Coca-Cola sweets

Coca-Cola Goes Flat

An application to register the Coca-Cola bottle as a trade mark has been rejected by the General Court of the EU.

Last week the General Court of the EU issued a decision refusing registered trade mark protection for Coca-Cola’s bottle shape. The trade mark applied for was this:

Coca-Cola Bottle

Coca-Cola applied to register the bottle shape as a European Trade Mark in December 2011. The European Trade Mark Office rejected the application on the basis that the trade mark did not have any distinctive character in relation to the products Coca-Cola had tried to protect (including plastic bottles, household goods, and non-alcoholic beverages). The Examiner felt that the Coca-Cola bottle was not significantly different from other basic bottle shapes for the same goods.
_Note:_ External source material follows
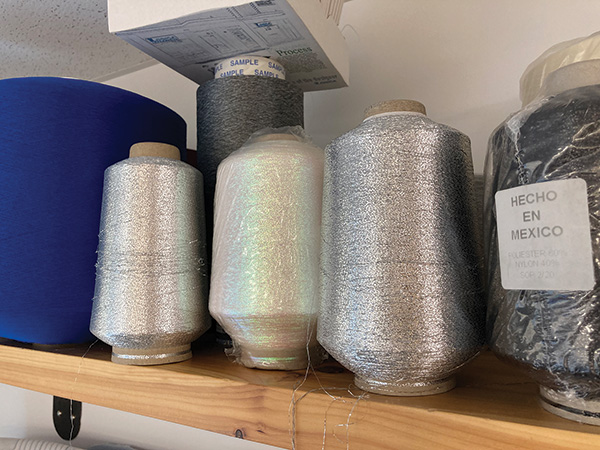 Some of Creative’s borders use high luster thread to catch shoppers’ attention from across the showroom.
Coca-Cola tried to convince the Examiner that the trade mark had become distinctive because of the use they had made of the bottle before the trade mark application was filed. They submitted evidence from customer surveys conducted in 10 European countries, as well as sales figures, advertising material, website extracts, photos, pop art and third party publications. The trade mark Examiner, the Second Board of Appeal, and now the General Court, decided that this was not sufficient evidence to prove that the bottle shape had become distinctive. Criticism of the evidence included that a lot of the material was not from the EU, and that as a bottle shape (and any other 3D trade mark) has no language barrier, that evidence of acquired distinctiveness must show that the mark has become well known across all 28 countries of the EU.

Coca-Cola do have registered trade mark protection for their more distinctive and iconic “contour bottle”. They can still appeal the decision to the Court of Justice of the European Union.

When applying for trade mark protection for 3D marks, as well as any other type of trade mark, it is important to consider whether the consumer of the goods will see your trade mark as a badge of origin, or if it simply blends into the background. In this case, I think the decision is the right one. When looking at the picture of the trade mark applied for, I’m not sure I would be certain that it was a Coca-Cola bottle and not from any other company. In the absence of sufficient evidence that the public have been educated to see that shape as a trade mark, it seems that the right decision has been issued.

Case reference T-411/14. Press release from the General Court here

For more information on protecting your trade mark, or defending it against others, please get in touch.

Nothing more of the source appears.